▶ **Task requirements**
Reproduce word for word the lines between the one containing "All Balls AB6-AC-8-355 Complete Axle" and the end of the entries below, both inclusive; leave out pictures.

▶ **Information provided**
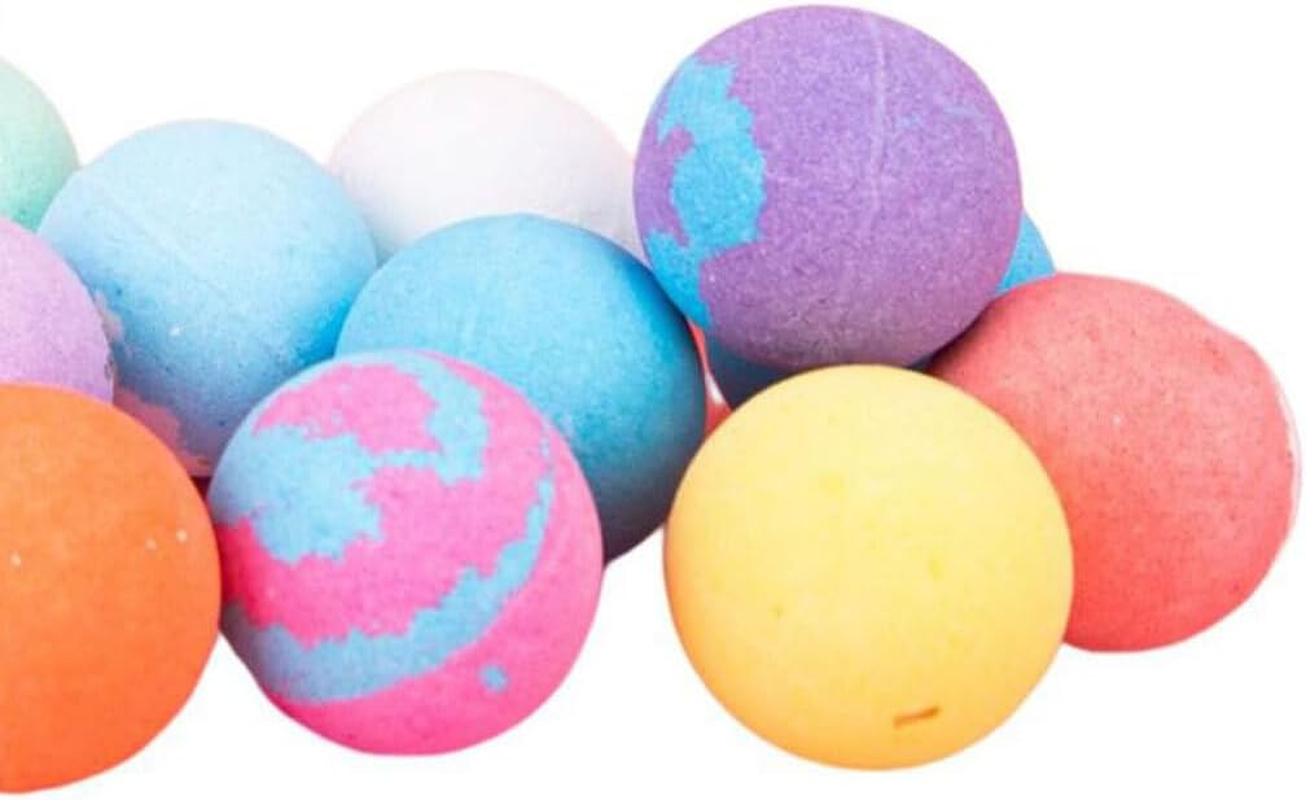 12Piece Indulge in Luxury Bath Gift Set for Relaxing and Nourishing Spa Experience Spa Essentials Bath Bombs Set image number 1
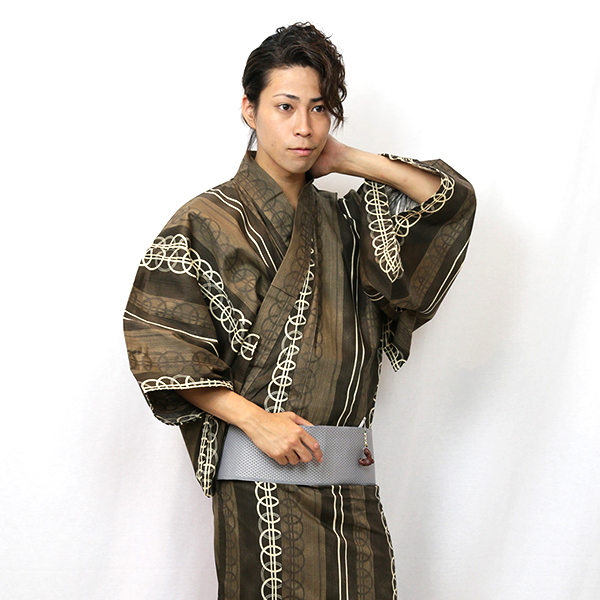 紫黒曲輪繋ぎ-Lサイズ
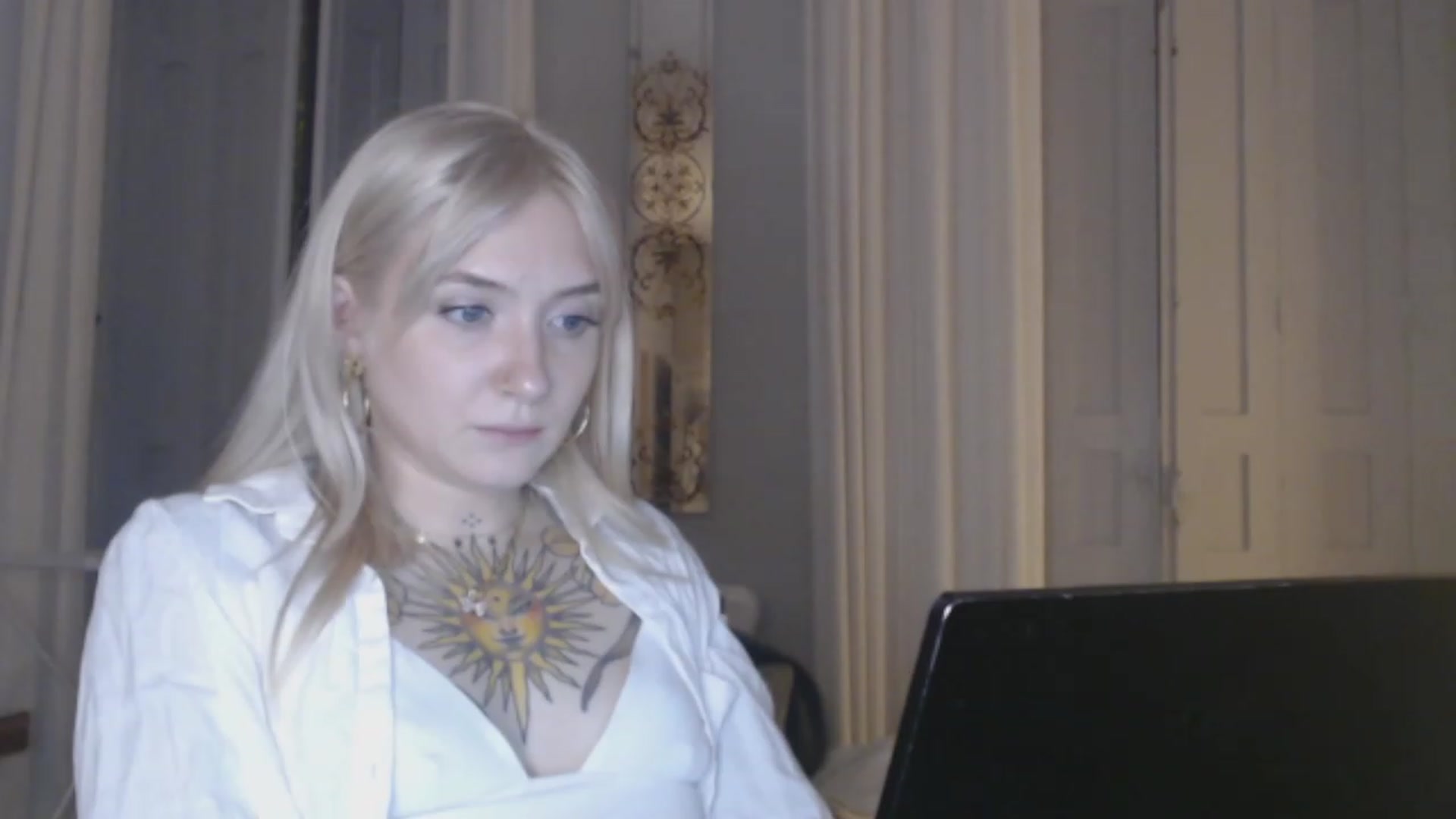 Gallery image thumbnail from Tattoo_bbgirl's myfreecams stream on, 01/26/2024, 19:12 image 19 of 20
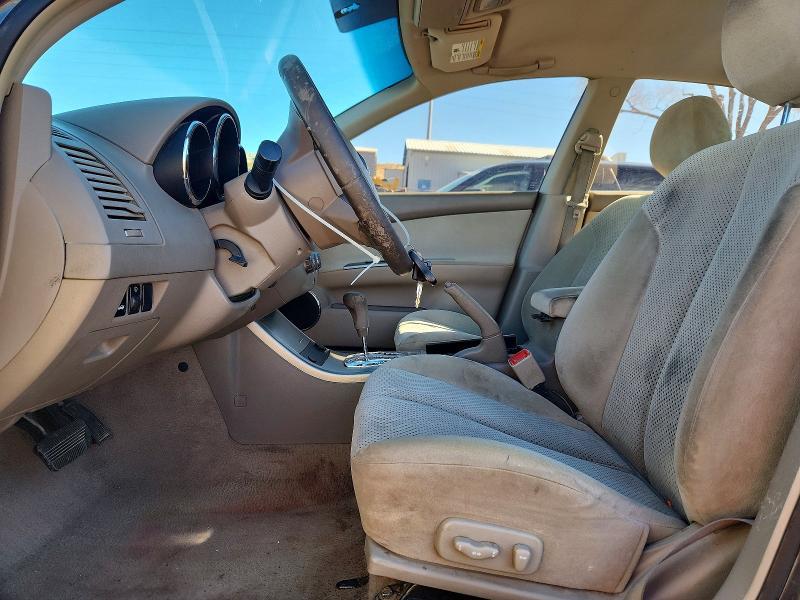 2006 Nissan Altima 2.5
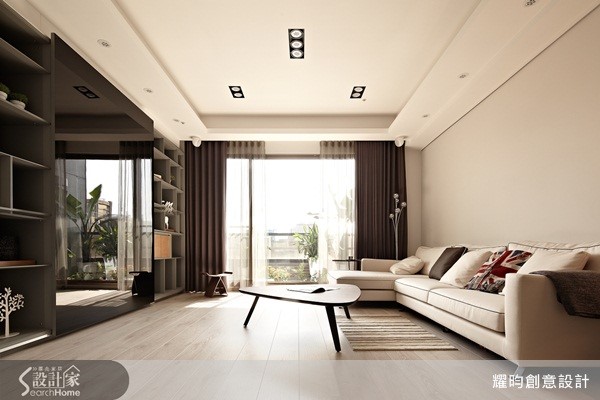 温暖设计语汇，建构休闲风格之静心居所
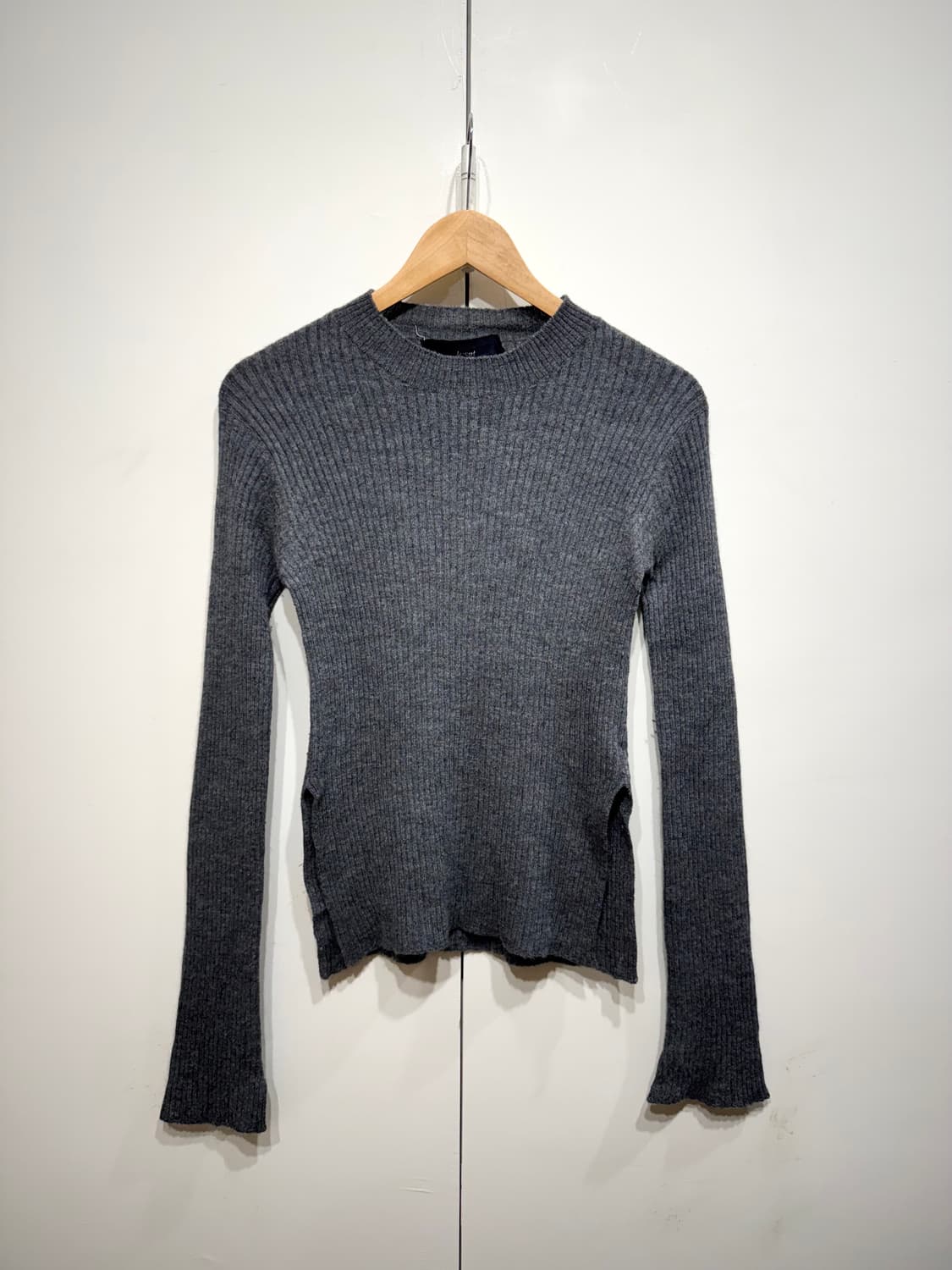 꼼데가르송 트리콧 니트 슬리브 상품이미지1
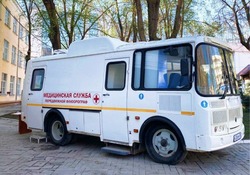 28 июня астраханцев приглашают бесплатно пройти флюорографию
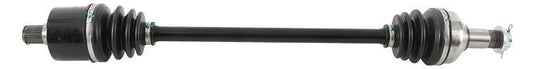 All Balls AB6-AC-8-355 Complete Axle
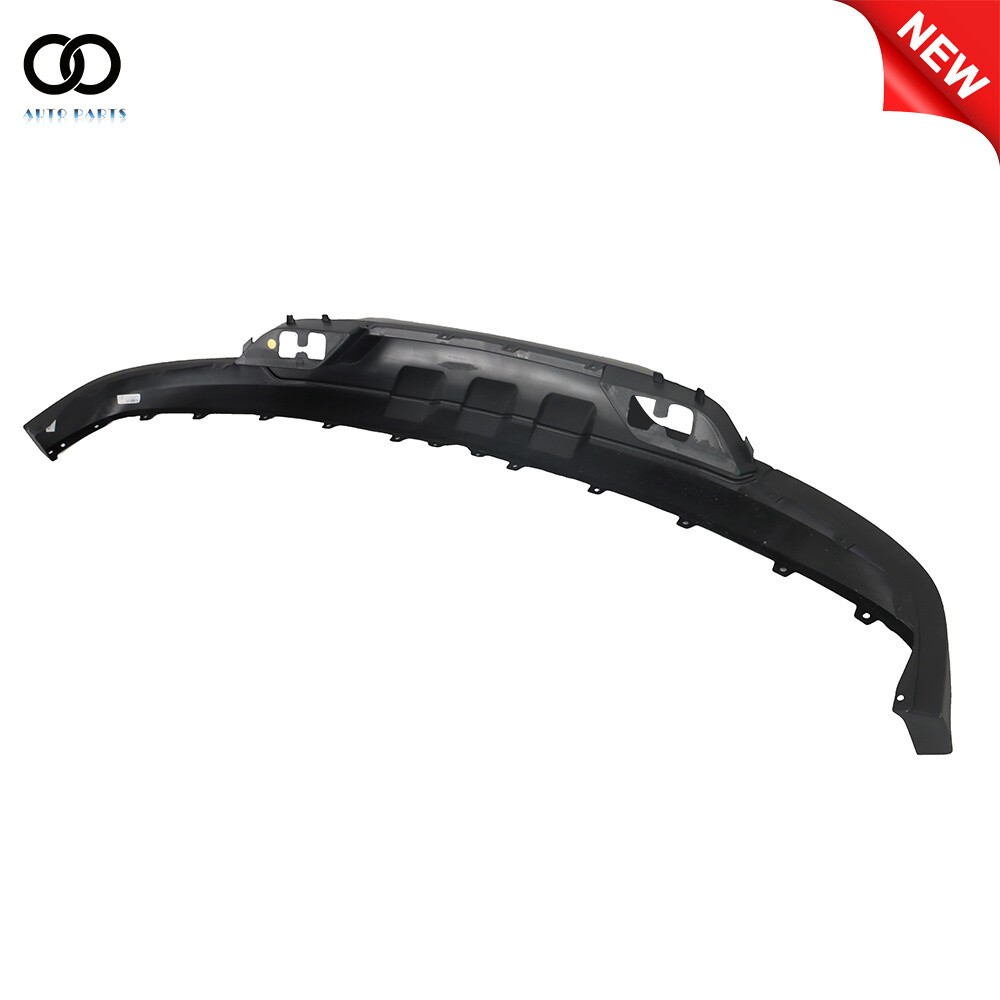 Front Lower Bumper Valance W/Tow Hooks For 2016-2018 Chevrolet Silverado 1500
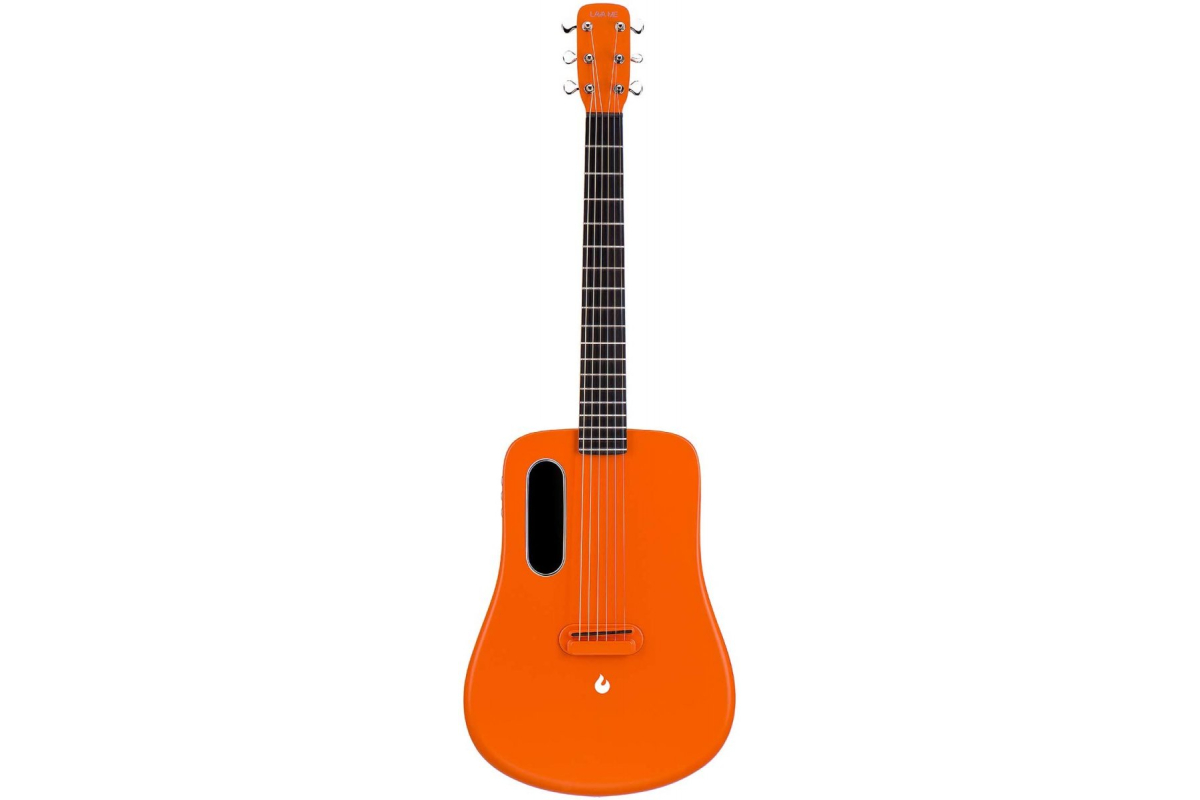 Гитара электроакустическая LAVA MUSIC Me 2 Freeboost Orange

▶ **Answer space**
 All Balls AB6-AC-8-355 Complete Axle
 Front Lower Bumper Valance W/Tow Hooks For 2016-2018 Chevrolet Silverado 1500
 Гитара электроакустическая LAVA MUSIC Me 2 Freeboost Orange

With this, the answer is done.